We need parables of hope.

We need parables of hope when we cannot see the light, when there seems to be no laughter or joy, when the future we have planned is gone. We need parables of hope when our own bones are tired.

We need parables of hope when our communities are dwindling, when our voices have been pushed to the side, when we are overwhelmed with the needs of the world, when it seems there is nothing that can bring us together. We need parables of hope for when people come together around a mission, a cause, a vision, a force we can breathe life, call the spirit, bring winds of change.

We need Ezekiel filled with doubt and cynicism speaking the wind of God into a hopeless situation, calling the breath to what had been lifeless. We need the parable and the vision and the promise that if we speak hope, even hope filled with grief, filled with doubt, filled with all the baggage we might bring, it is the parable and the vision and the promise that God will meet us with life.

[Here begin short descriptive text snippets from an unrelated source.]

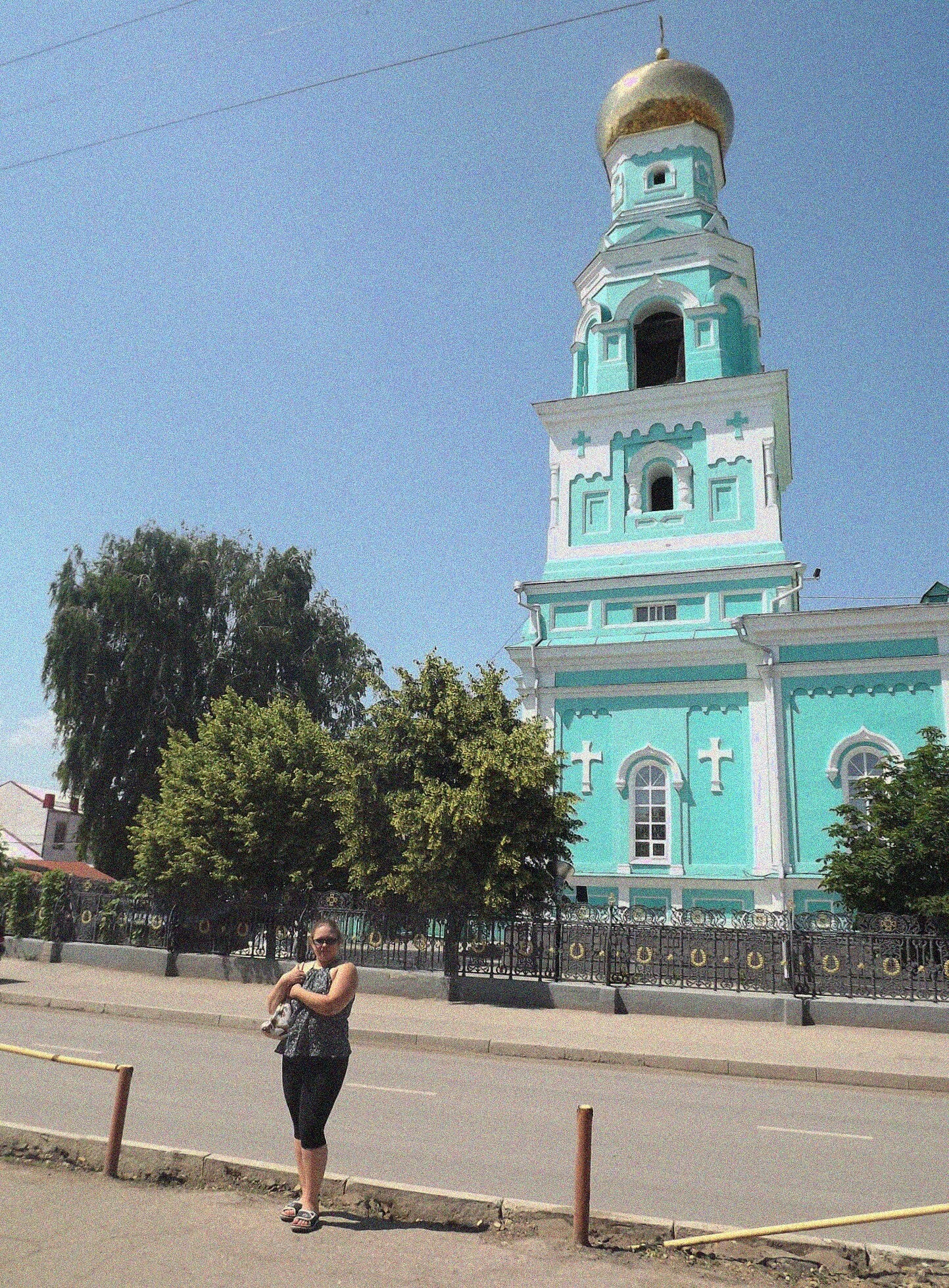 Казанский кафедральный собор в Сызрани
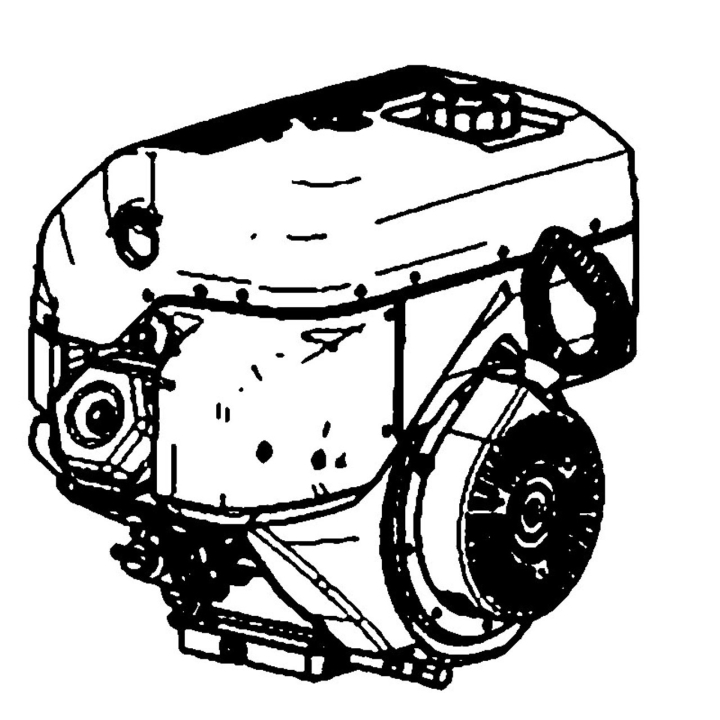 Silnik Lct 414Cc 12,5 KM E-Gov w grupie w GPLSHOP (5929191-01)
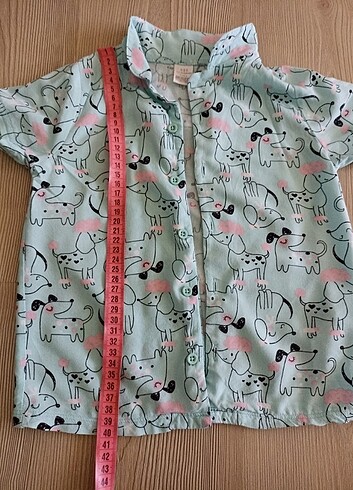 24-36 Ay Beden turkuaz Renk Lc Waikiki pijama takımı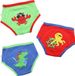 Zoocchini Oefenbroekjes Boy Pirate Pals 2-3 jaar (3 stuks)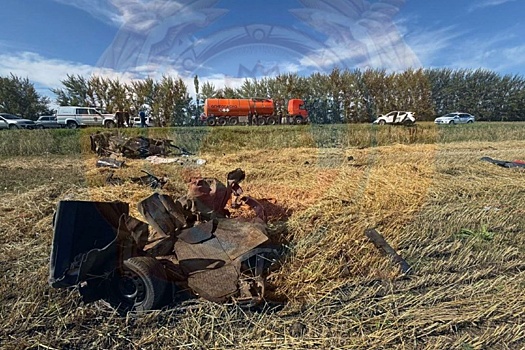 В Татарстане в ДТП погибли три человека, еще трое получили травмы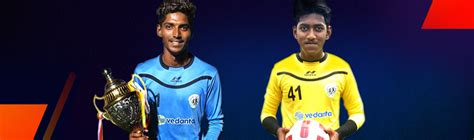 FC Goa sign goalkeepers Hansel Coelho & Viddhesh Bhonsle to Dev team ...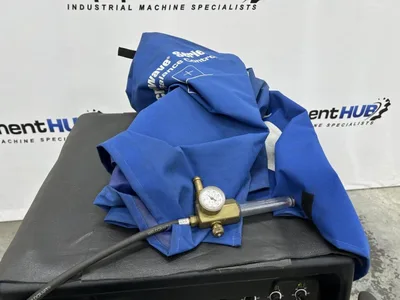 Used MILLER SYNCROWAVE 250 DX Tig Welders Georgia US | The Equipment Hub #1439908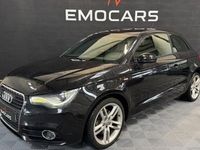 Occasion Audi A1 S-Line 106 ch (77 kW) 2011 Noir Citadine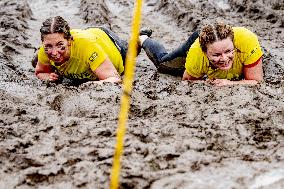 Participants of the Mud Masters Fieldlab 2021 - Netherlands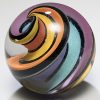 Celestial Marble Glass Pet Memorial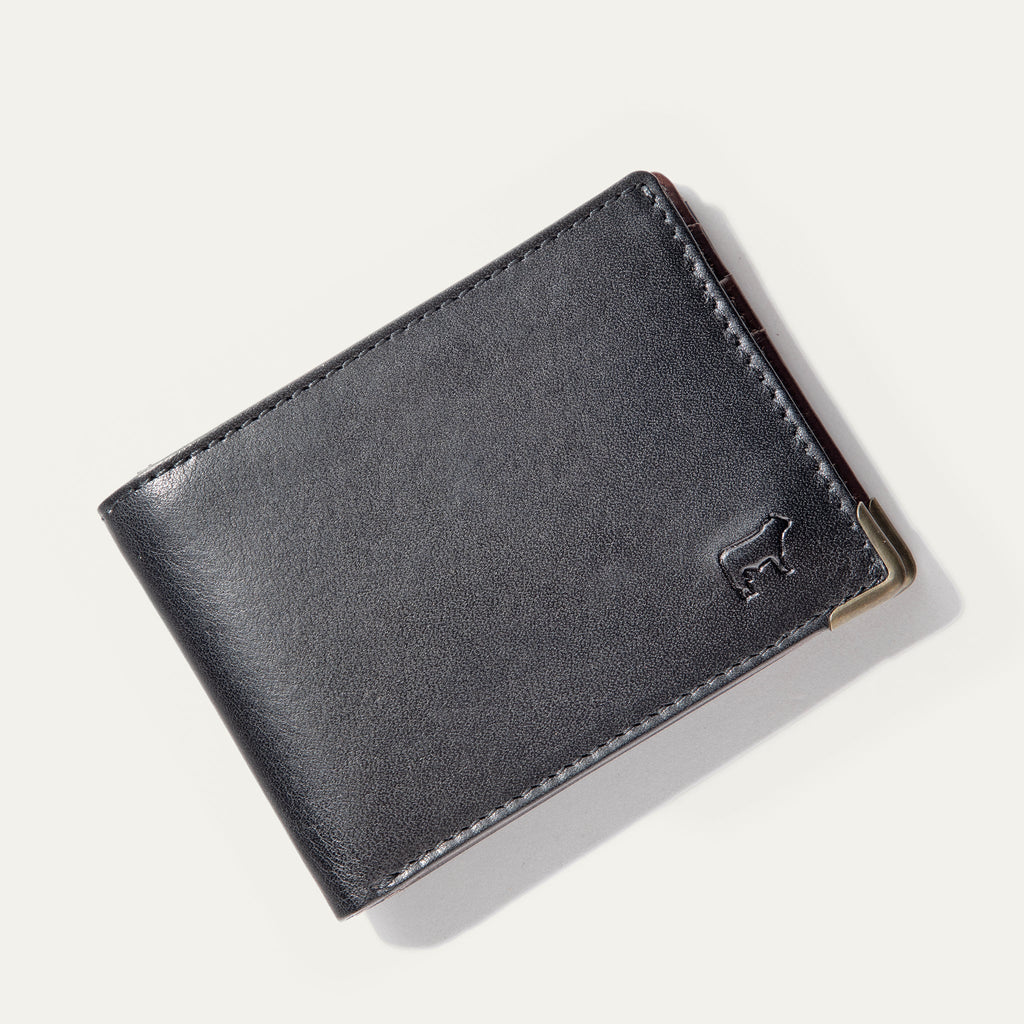 William Two Tone Wallet Will Leather Goods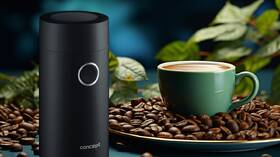Mlynček na kávu Concept KM6001 čierny

 obrázok produktu 8 z 16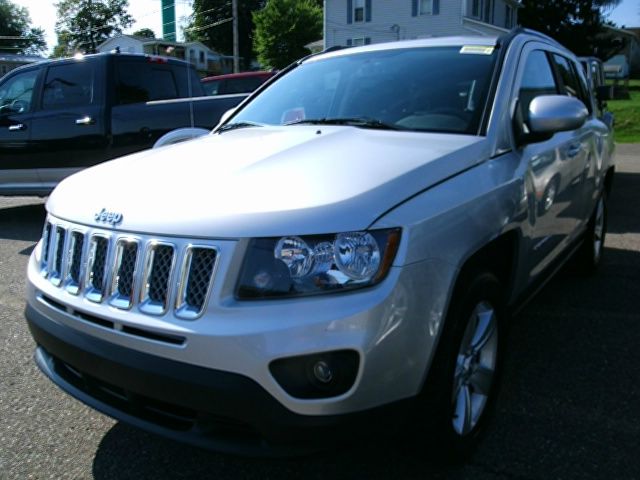 2014 Jeep Compass 3.0L Auto 4WD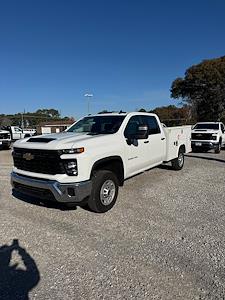 New 2026 Chevrolet Silverado 2500 Crew Cab Service Truck for sale #FT1303T - photo 1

We need Ezekiel, and we need these stories, and they need to change us, encourage us to carry on another day. They give us enough hope to stand up for those on the margins of society, to stand up for those others have forgotten or chosen to forget, to speak hope for those for whom hope is a luxury that they don’t have. Our stories might give us enough hope to keep calling life in the environment, an end to destructive pipelines, proper care for creation when it seems that there will be no body willing to stand up. They give us the courage to let the four winds blow us to connections and communities that we might not normally meet, might not have found common ground with, might not have found common purpose with, and yet finding there is common breath and life.

We need Ezekiel and God in that field of bones because of a hundred moments that seem hopeless, that seem like deaths, that feel like life will never be restored to remind us that this isn’t the end, that hope can be enlivened, that life can be renewed.

Speak hope, speak spirit, speak life. Breathe hope, breathe spirit, breathe life. Can these bones live? Yes, yes, yes.